貨車2両付のトーマスが箱入りで売ってました。

箱絵のトーマスが微妙に似てない。(笑)


以前はブリスターパックでの販売方法したが・・・変わったんですね。貨車2両も今後Nゲージ化して余すことなく使いましょう。(笑)

顔はプラスチック製ですが機関車本体はダイキャスト合金製で分解は容易ではありません。

下側の車輪押さえをニッパーで壊し、上下を分割します。
顔の部分の裏側はダイキャストを通し焼きつぶしていますので、焼きつぶし部分を削って楊枝等で押せばポロリと落ちます。

 

外れた顔の余分を削り、C11に合わせると・・・若干(05mm)ですが大きいです。とはいえ大きい方がハリボテ感があっていいと思います。(逆に小さいとバランスが・・・)

 

細かい修正です。
削ってしまった蒸気管は線材にビニールチューブを輪切りにしたものを通して煙突後ろに穴を開けて取り付け、ボイラー途中から途切れた部分はストラップからナイロン糸を取り出し折り曲げて蒸気管につなぎました。

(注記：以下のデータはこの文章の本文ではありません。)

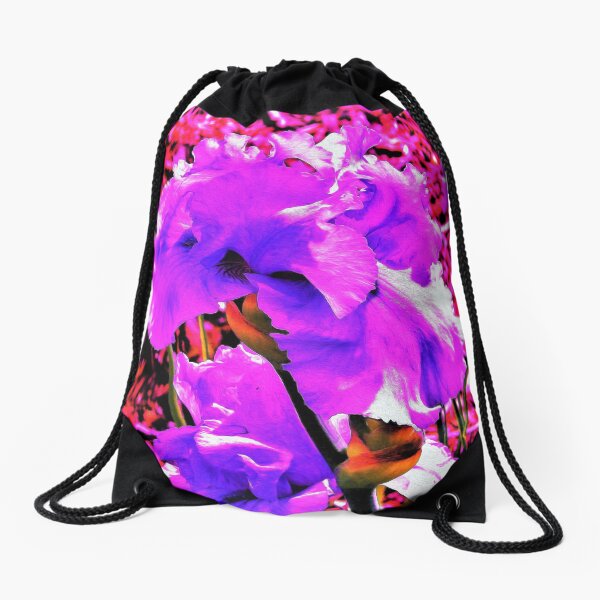 Abstract Ultra Violet Purple Iris on Red and Pink Drawstring Bag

汽笛は元のモールドを削って家にあったASSYパーツの汽笛を取り付けました。


本来のきかんしゃトーマス号は日本に遊びに来ているため、現地の習慣?に合わせてバッファーを取り外しています。(実機も黒丸のペイントのみ)

ところが・・・先に日本に里帰りしていたD51「ヒロ(9600改造のハリボテ)はバッファーが付いたままなんですけど(笑)

※余談ながらこの設定は映画版「伝説の英雄」(最後に日本へ帰国)と日本から再び戻ってくるTVシリーズ・シーズン13の間と推測されます。日本から多客時に毎年出稼ぎに来ているなんて設定がなければ・・・まぁそこは日本のファン獲得のためのオトナの事情(最近は欧州以外にアフリカやアメリカのマンモス機関車まで・・・)ということなのでしょうけど・・・

特にバック運転は考慮していない(ライトは点きますが)ので、飾りですがバッファーを付けます。
ナロー動力する際に「チビ客車動力」をザク切りにした時に余ったバッファーが有りますので先頭だけ、ピンバイスで端梁に穴を開け差し込みます。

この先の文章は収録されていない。